Zabadoo writes: “ 1.)Will there be any three-parters in the same vein as Reckoning/Threads, The Siege, or Avalon/Origin this season? 2.)Will Martin Gero be writing any McKay-centric episodes this season? 3.)Any chance of getting O’Neill in the fifth season of Atlantis? 4.)Any chance of getting Daniel and O’Neill coming to Atlantis in the same episode next season? 5.)Any Ford ideas as of late?”
Answers: 1) This Mortal Coil, Be All My Sins Remember’d, and Spoils of War are tenuously-linked three-parters. 2) Miller’s Crossing. 3) I don’t know. 4) If we get the pick-up, getting Daniel on Atlantis will be a priority. 5) None.
Lady Conure writes: “I will be at home for the actual airing of the new SGA episode then will in the hospital for a while.”
Answer: Good luck on your surgery. And did you receive the email I sent you a couple of days ago? I haven’t heard back.
Mel writes: “So, what are you going to do during the season hiatus?”
Answer: Read. A lot. Maybe do some writing. Hopefully.

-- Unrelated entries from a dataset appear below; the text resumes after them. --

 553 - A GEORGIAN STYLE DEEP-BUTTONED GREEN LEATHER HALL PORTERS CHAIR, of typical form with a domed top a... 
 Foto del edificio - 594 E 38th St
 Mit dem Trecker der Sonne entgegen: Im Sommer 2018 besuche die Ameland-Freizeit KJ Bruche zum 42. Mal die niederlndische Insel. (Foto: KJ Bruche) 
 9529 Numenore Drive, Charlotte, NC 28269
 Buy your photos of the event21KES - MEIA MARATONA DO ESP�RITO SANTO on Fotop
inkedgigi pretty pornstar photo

Allison writes: “Have you ever thought about coming down and talking at SXSW in Austin?”
Answer: What’s SXSW? I’d love to visit Texas. Could you recommend any good steakhouses?
Anonymous #1 a ecrit: “Est-ce que t’es fache avec moi?”

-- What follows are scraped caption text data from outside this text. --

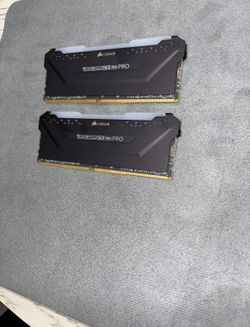 Corsair Vengeance RGB Pro DDR4 32GB (2x16GB) 3600MHz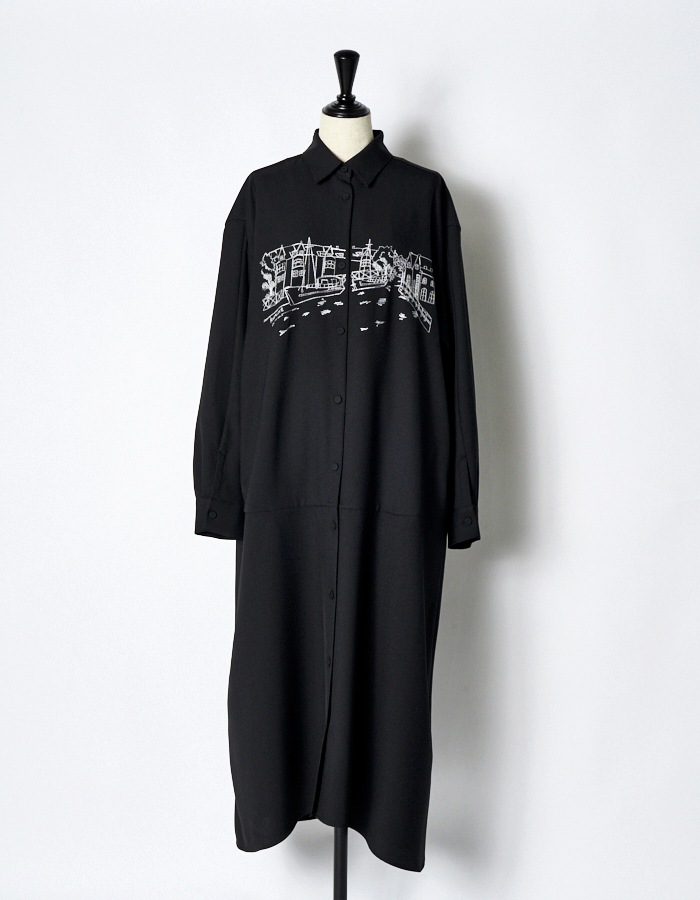 Landscape Embroidery Dress / black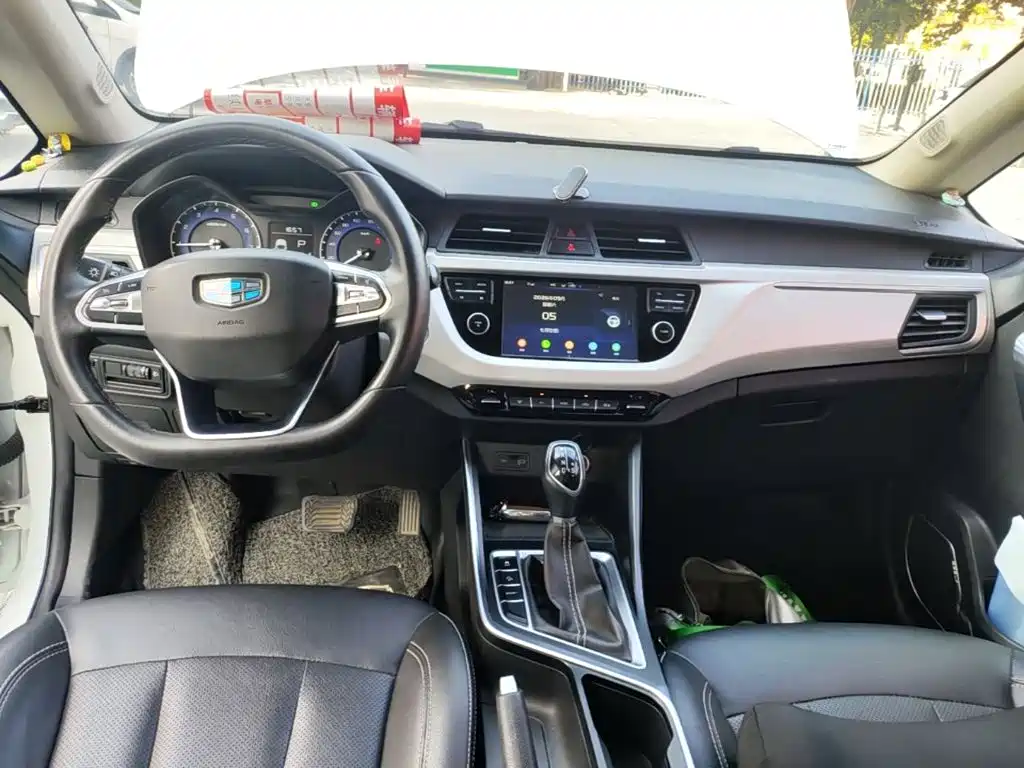 Фото 10 - Geely Vision X3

Anonymous #2 writes: “1-)Who is your nemesis and what super powers does he/she/it has? 2-)And what super power does The Baron Has?”
Baron Destructo answers: 1) Fool. My arch-nemesis is, of course, Captain Spectacular and his Confederacy of Justice. The cast of Rules of Engagement comes in a close second. 2) Besides my army of neural-linked battle-droids, my ultra-reinforced servo bitch-slap gauntlets, my Vidralian undergarments, and my all-proof micro-mesh purple velvet cape, my greatest weapon is, if course, my thoroughly engaging personality. What can I say? People love me. Thank you for asking, human scum.

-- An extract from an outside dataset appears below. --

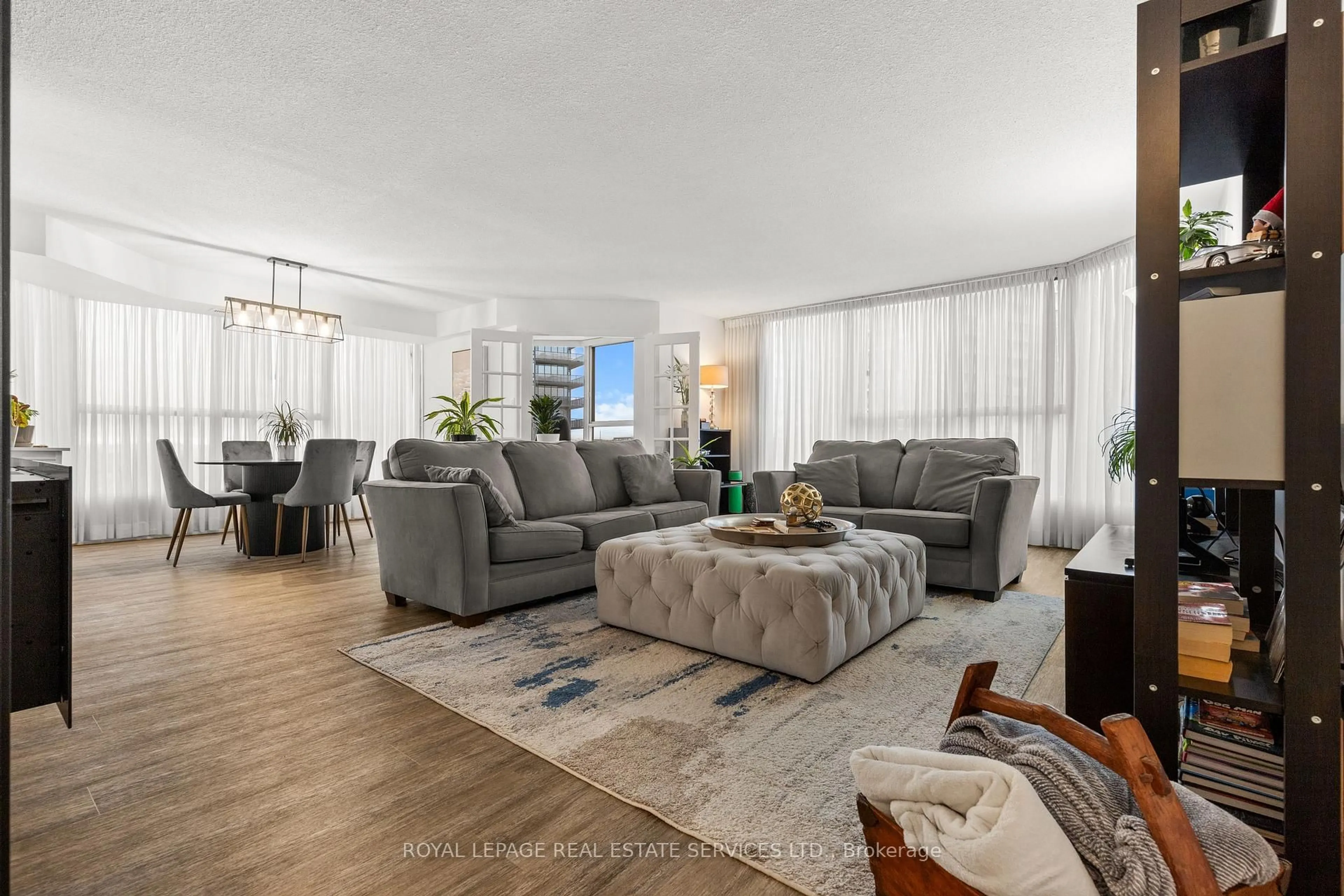 Living room with furniture, unknown for 1271 Walden Circ #502, Mississauga Ontario L5J 4R4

Anonymous #3 writes: “Toe socks yay or nay?”
Baron Destructo answers: Oh. And my bio-luminescent toe socks. Dolt.
Anonymous #4 writes: “You’re blog is very popular. What do you attribute its success to?”
Answer: 12-15 extremely loyal fans constantly hitting their refresh buttons.
Dream-of-Skies writes: “What the devil ARE Tuxedo bars? You didn’t tell us!!!!”
Answer: To be honest, I don’t know. If I had to hazard a guess, I’d say they’re sticks of butter rolled in crushed oreos and corn syrup, then deep-fried after which they are dipped in chocolate and glazed with caramel.
Emily writes: “Will the fact that Sheppard obviously has an Elf gene ever come in to play this season?”
Answer: We’re saving this revelation for the big stick-fighting three-parter.